Reproduce, please, the line that holds "Load image into" and all later lines through the end of the entries below, exactly; omit pictures.

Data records
= Beginning of Section =
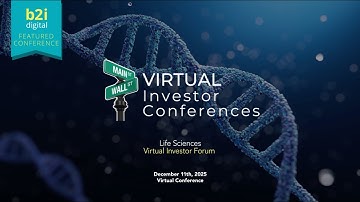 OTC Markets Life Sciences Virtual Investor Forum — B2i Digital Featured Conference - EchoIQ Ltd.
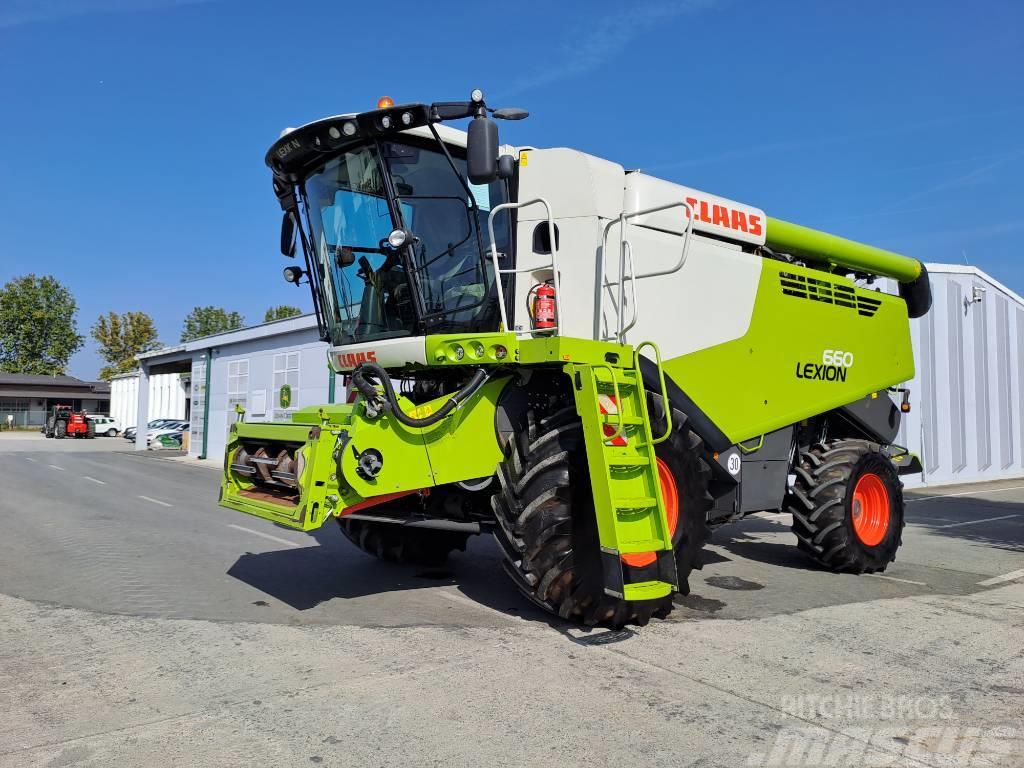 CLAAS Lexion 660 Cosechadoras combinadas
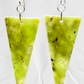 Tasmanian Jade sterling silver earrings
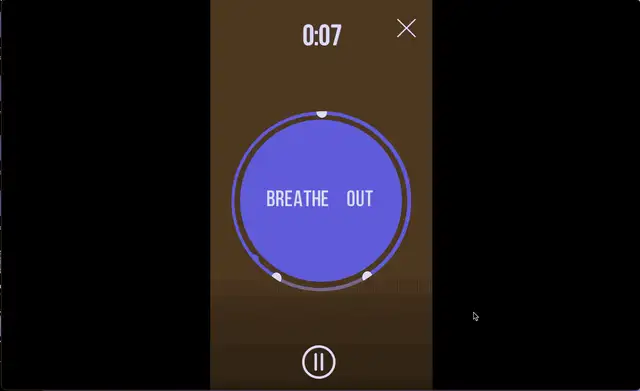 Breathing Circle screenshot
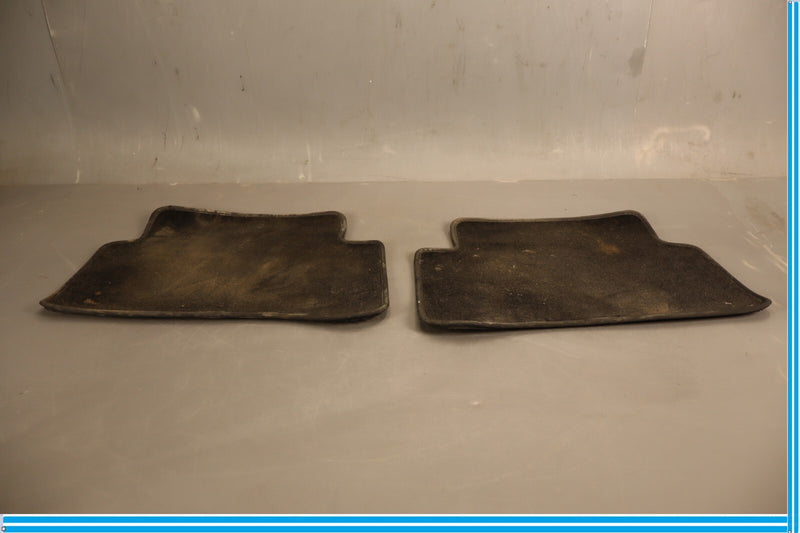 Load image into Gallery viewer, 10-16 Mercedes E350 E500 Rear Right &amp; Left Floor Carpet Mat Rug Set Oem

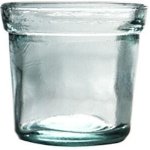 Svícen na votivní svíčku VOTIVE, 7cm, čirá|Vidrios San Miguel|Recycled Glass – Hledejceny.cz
= End of Section =
◆ Final answer:
 Load image into Gallery viewer, 10-16 Mercedes E350 E500 Rear Right &amp; Left Floor Carpet Mat Rug Set Oem

 Svícen na votivní svíčku VOTIVE, 7cm, čirá|Vidrios San Miguel|Recycled Glass – Hledejceny.cz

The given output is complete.